In 1826 Abel started the study of the polynomial Pell equation x 2 − g ( u ) y 2 = 1. Its solvability in polynomials x ( u ), y ( u ) depends on a certain torsion point on the Jacobian of the hyperelliptic curve v 2 = g ( u ). In this paper we study the affine surfaces defined by the Pell equations in 3-space with coordinates x, y, u , and aim to describe all affine lines on it. These are polynomial solutions of the equation x ( t ) 2 − g ( u ( t )) y ( t ) 2 = 1. Our results are rather complete when the degree of g is even but the odd degree cases are left completely open.
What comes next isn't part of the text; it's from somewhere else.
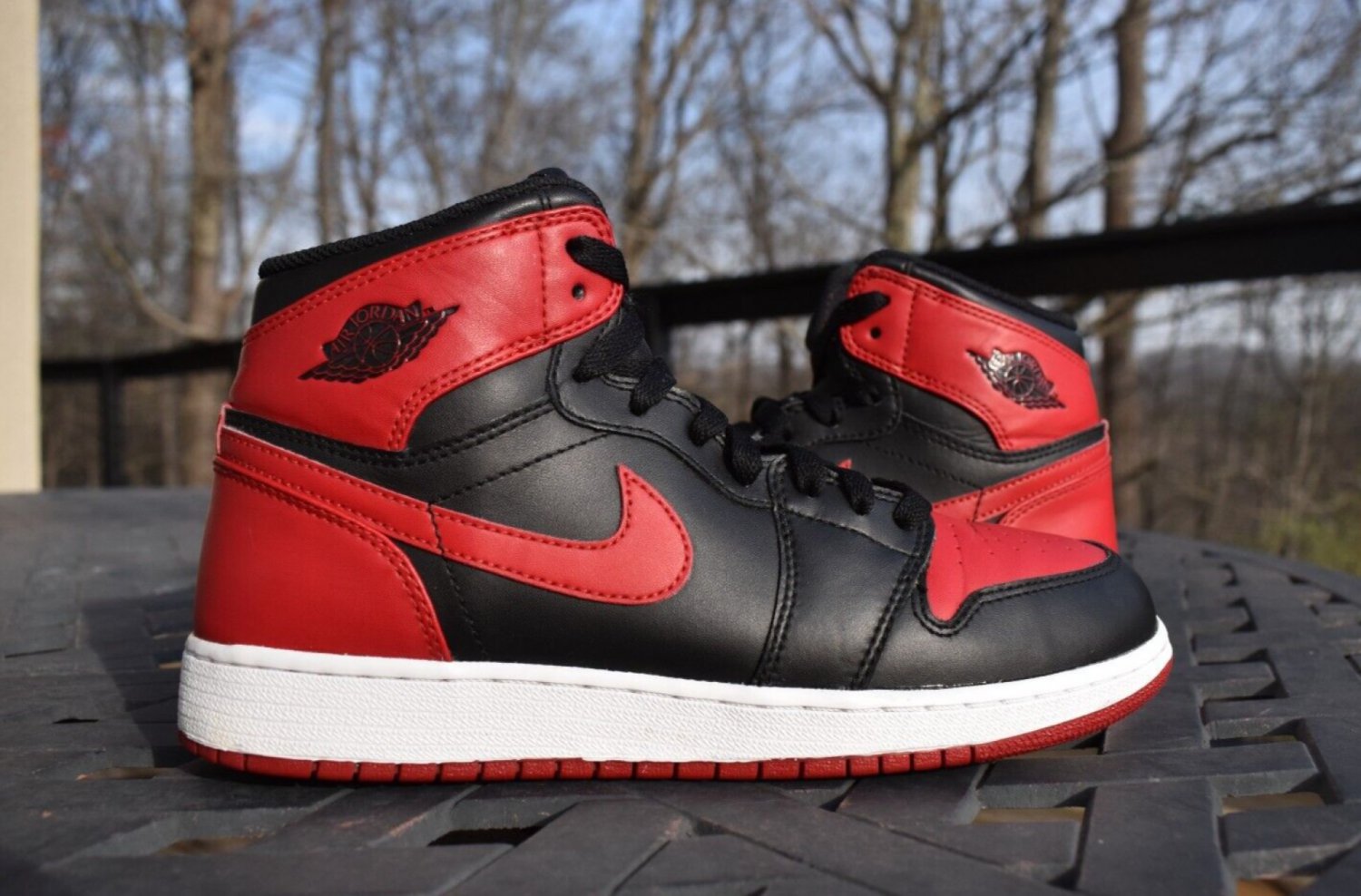 Nike Air Jordan 1 Retro High OG BG 'Bred'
For even degrees we also describe all curves on these Pell surfaces that have only 1 place at infinity.

中文翻译：

---

佩尔表面

1826 年，Abel 开始研究多项式 Pell 方程 x 2 − g ( u ) y 2 = 1。它在多项式 x ( u ), y ( u ) 中的可解性取决于超椭圆曲线 v 的雅可比矩阵上的某个扭点2 = 克（你）。在本文中，我们研究了由 Pell 方程在坐标为 x、y、u 的 3 空间中定义的仿射曲面，并旨在描述其上的所有仿射线。这些是方程 x ( t ) 2 − g ( u ( t )) y ( t ) 2 = 1 的多项式解。当 g 的次数为偶数时，我们的结果相当完整，但奇数次的情况完全开放。对于偶数度，我们还描述了这些 Pell 曲面上在无穷远处只有 1 个位置的所有曲线。